Depois do Bloco de Esquerda se preocupar com o reles piropo, do nosso lado são os assobios dos adeptos à sua própria equipa, que provocam casos sérios de urticária.
É uma temática interessante, especialmente porque, para além das vozes, muitas, críticas para com os assobiadores, poucas tentativas vi de procurar compreender, afinal de contas, porque diabos assobiam.
Paradigmático na procura de uma resposta, foi um dos comentadores do Porto Canal, não me recordo do seu nome, no pós-match da recente derrota com o Sporting.
Para ele, sendo certo que o (mau) futebol apresentado pela equipa não puxa pelos adeptos, estes também não incentivam a sua equipa. Antes pelo contrário, invectivam-na. Dizia ele, que lhe dava a impressão de que estes adeptos, que talvez se comportassem racionalmente durante a semana, deixando no ar a dúvida quanto a isso e dando-nos a boa notícia de que ele o fazia, pareciam aproveitar o fim de semana e os jogos de futebol para extravasar a sua irracionalidade, assobiando a equipa, que supostamente deveriam apoiar.

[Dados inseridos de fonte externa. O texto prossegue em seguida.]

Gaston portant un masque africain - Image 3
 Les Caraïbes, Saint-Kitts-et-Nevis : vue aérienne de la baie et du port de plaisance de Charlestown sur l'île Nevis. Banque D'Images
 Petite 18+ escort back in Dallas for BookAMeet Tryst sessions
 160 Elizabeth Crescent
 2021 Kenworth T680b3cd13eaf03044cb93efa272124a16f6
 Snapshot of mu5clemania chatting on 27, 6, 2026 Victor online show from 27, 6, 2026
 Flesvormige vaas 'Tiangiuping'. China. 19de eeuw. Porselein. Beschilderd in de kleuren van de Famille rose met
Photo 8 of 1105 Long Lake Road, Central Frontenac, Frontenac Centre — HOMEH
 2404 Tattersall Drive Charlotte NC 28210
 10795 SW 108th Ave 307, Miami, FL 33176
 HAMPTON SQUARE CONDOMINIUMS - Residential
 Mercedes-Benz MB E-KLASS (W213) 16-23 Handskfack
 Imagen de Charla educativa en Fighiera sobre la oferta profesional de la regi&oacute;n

Ou seja, resume-se a situação a uma questão de quem nasceu primeiro, o ovo ou a galinha, que não tendo solução resolvida estará sempre, ou que a ter solução, será a saída mais fácil que é a irracionalidade dos adeptos.
É curto, e é o tipo de resposta simplificadora de que francamente, não gosto.
Julgo que não fujo muito à verdade se disser que na génese e crescimento do FC Porto moderno esteve uma forte identificação do clube com a cidade e a região, aliados numa luta, quero acreditar, mais contra a centralidade da capital do que contra o sul no seu todo.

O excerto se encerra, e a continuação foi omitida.